[Start of section]

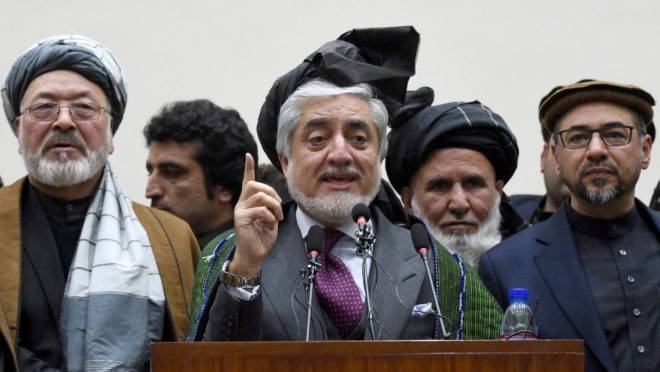 O candidato à presidência de oposição Abdullah Abdullah discursa após o anúncio do resultado final das eleições no Afeganistão, 18 de fevereiro de 2020. Ele contestou a vitória de seu rival Ashraf Ghani e prometeu formar governo paralelo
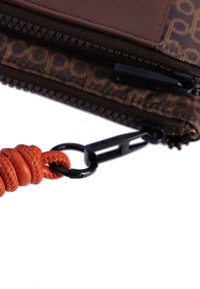 Cartera marrón con un diseño estampado y cierre de cremallera, que presenta una correa trenzada naranja y herrajes negros para sujeción. Exterior de cuero texturizado.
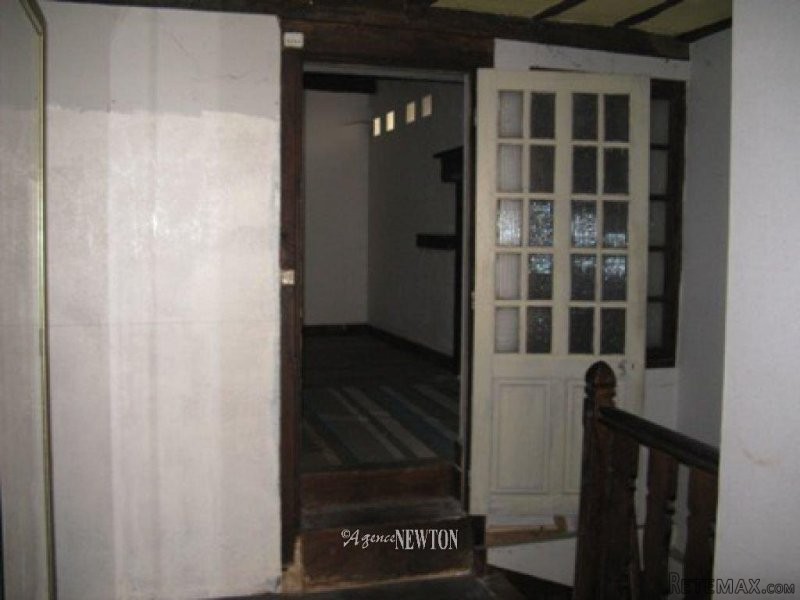 Correze. Le Lonzac. Shop premises with.. - 2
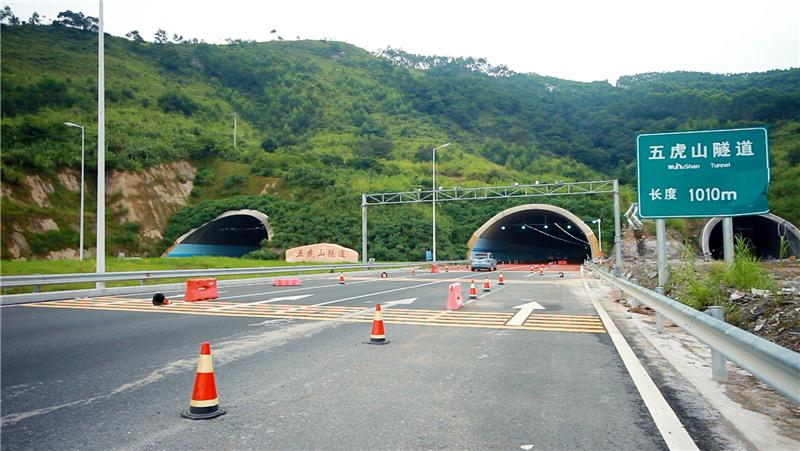 福州五虎山隧道瀝青路面工程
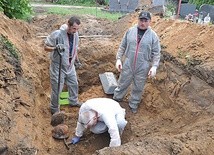  – Prosimy o zrozumienie dla rodzin tych żołnierzy i dla naszej pracy – mówi Andrzej Latusek (pierwszy z prawej)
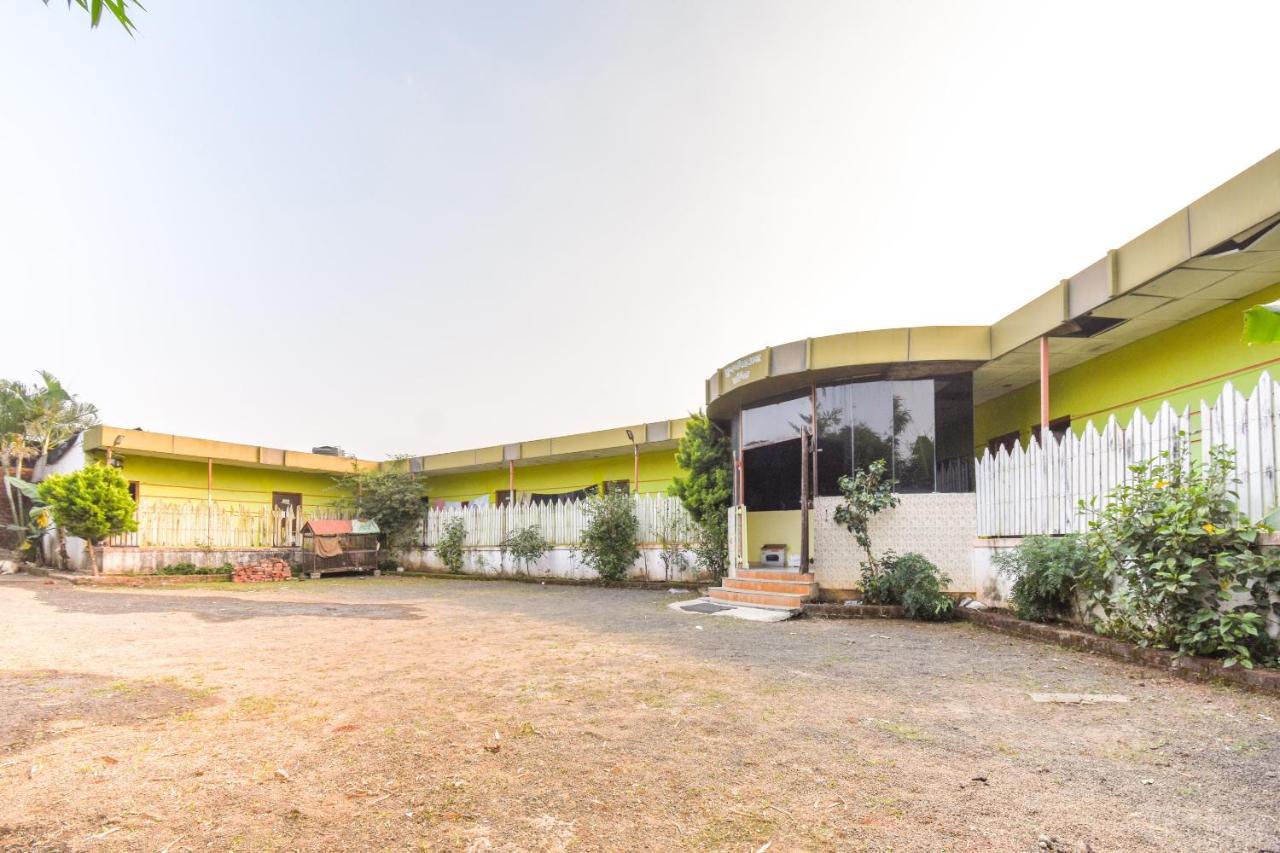 Spot On 65135 Hotel Suvarna Samrat Lodge Khamshet Esterno foto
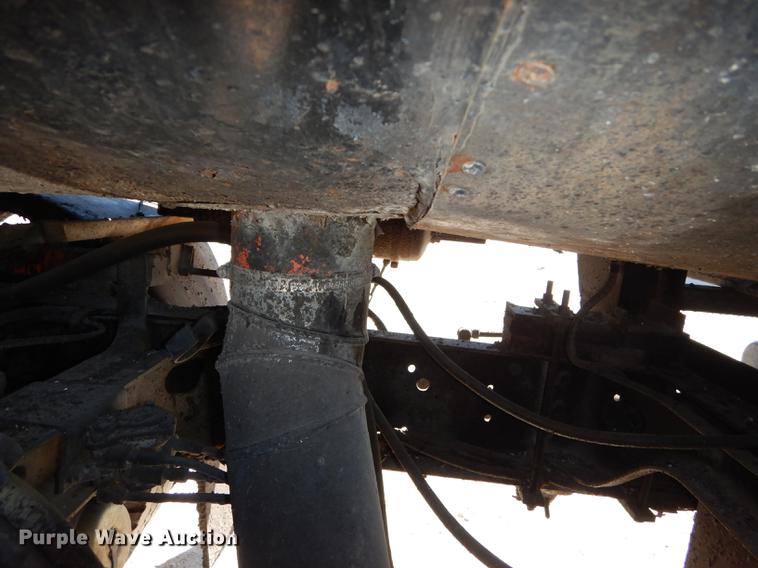 image for item DC0318 1982 International S1700 oil distributor truck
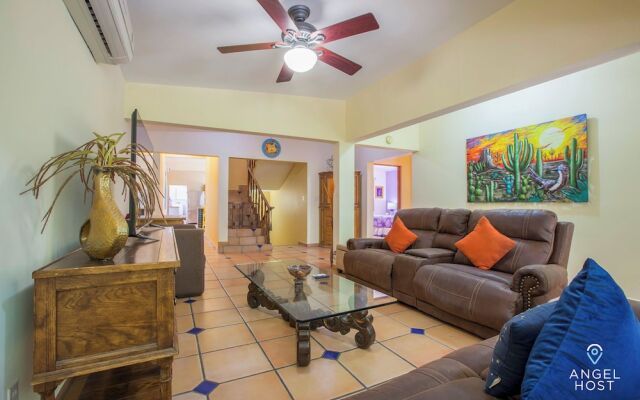 Cozy Stay 2 blocks from the beach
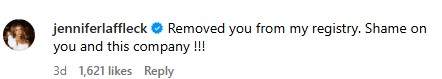 A screenshot of Jennifer Affleck's comment on Happiest Baby's Instagram post.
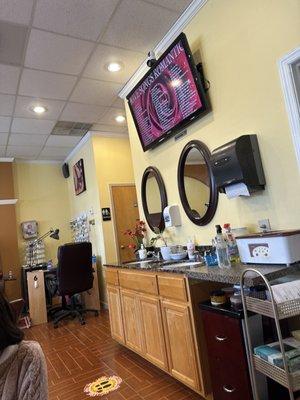 Queen Nail Salon & Spa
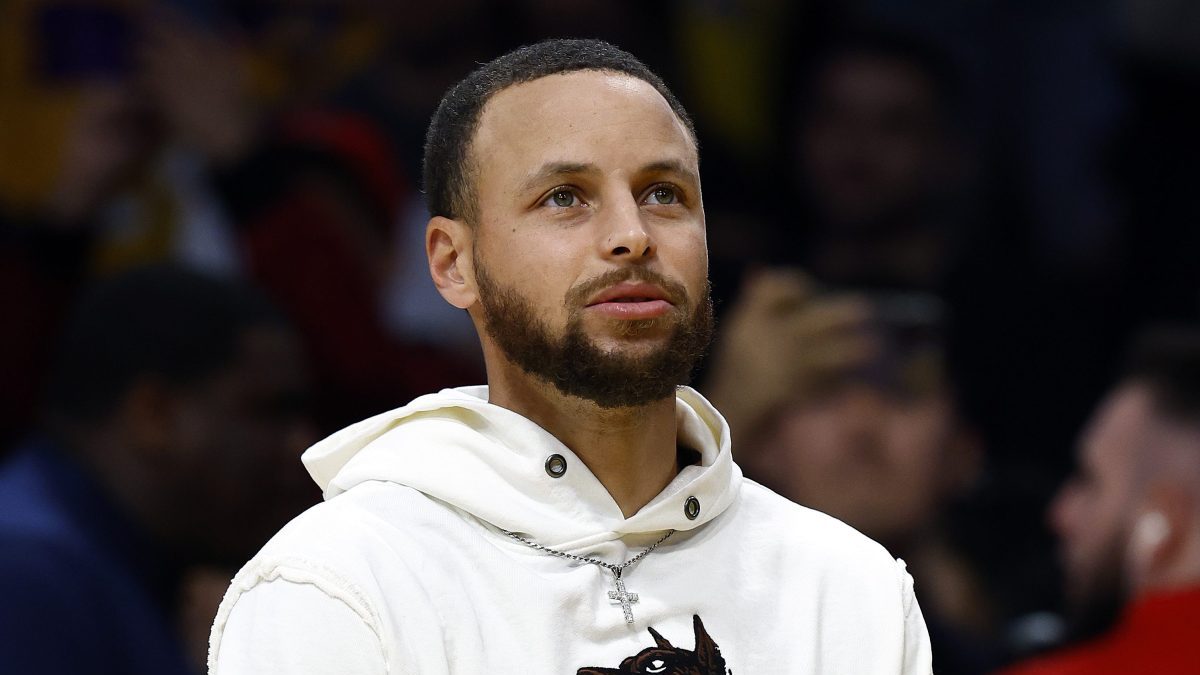 Warriors Receive Decisive Stephen Curry Injury Update Ahead Of Crucial ...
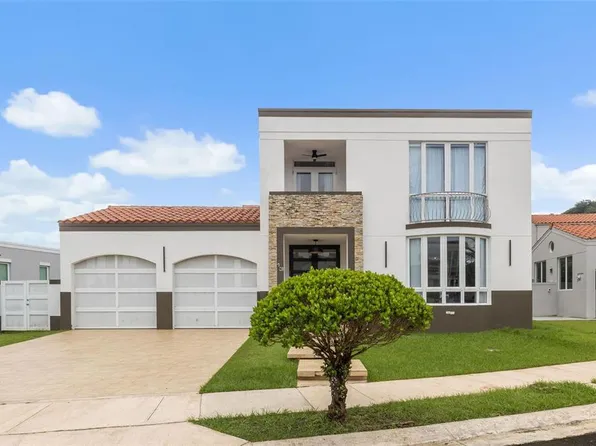 13 Guayabo St, Guaynabo, PR 00971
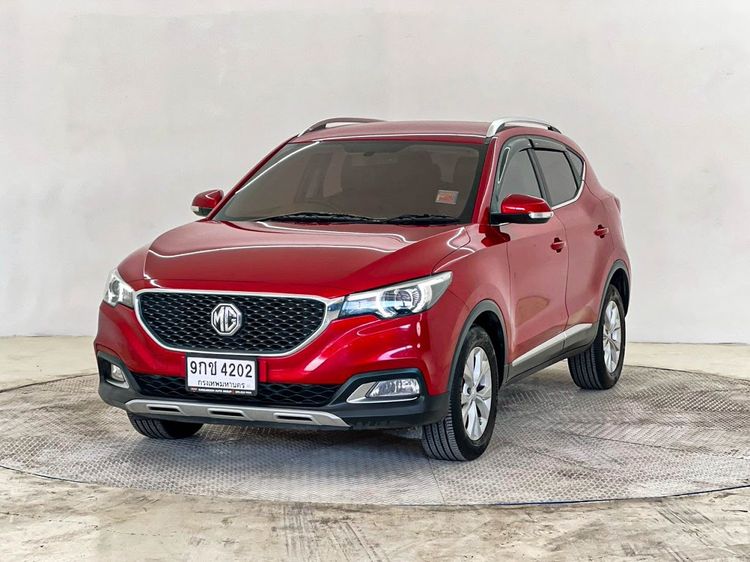 รถ MG ZS 1.5 D สี แดง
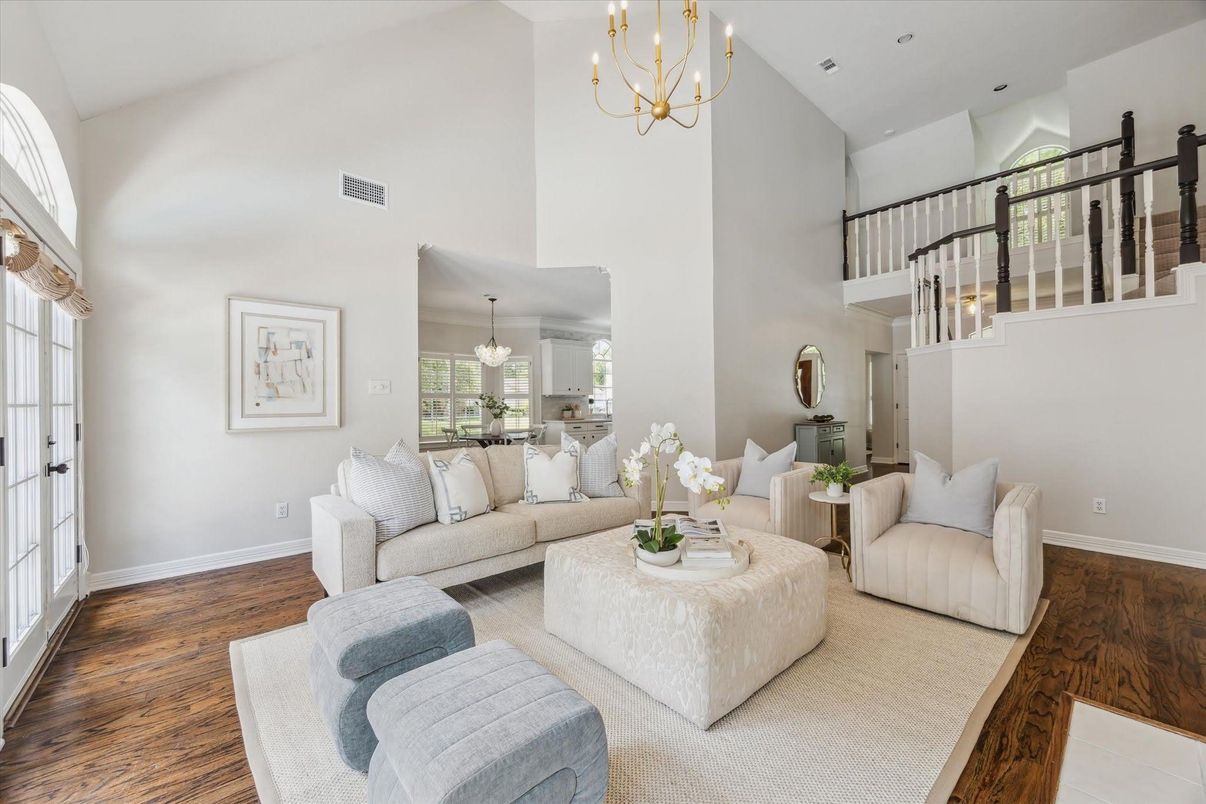 Chandelier, Dining room, Interior, Living room, Pendant Lights, Recessed Lighting, Wood Texture Flooring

[End of section]

## WORK INSTRUCTIONS
Leaving out the pictures, print exactly and only the lines from the one containing "Spot On 65135" through the last line of the records.

## SOLUTION TO THIS PROBLEM
 Spot On 65135 Hotel Suvarna Samrat Lodge Khamshet Esterno foto
 image for item DC0318 1982 International S1700 oil distributor truck
 Cozy Stay 2 blocks from the beach
 A screenshot of Jennifer Affleck's comment on Happiest Baby's Instagram post.
 Queen Nail Salon & Spa
 Warriors Receive Decisive Stephen Curry Injury Update Ahead Of Crucial ...
 13 Guayabo St, Guaynabo, PR 00971
 รถ MG ZS 1.5 D สี แดง
 Chandelier, Dining room, Interior, Living room, Pendant Lights, Recessed Lighting, Wood Texture Flooring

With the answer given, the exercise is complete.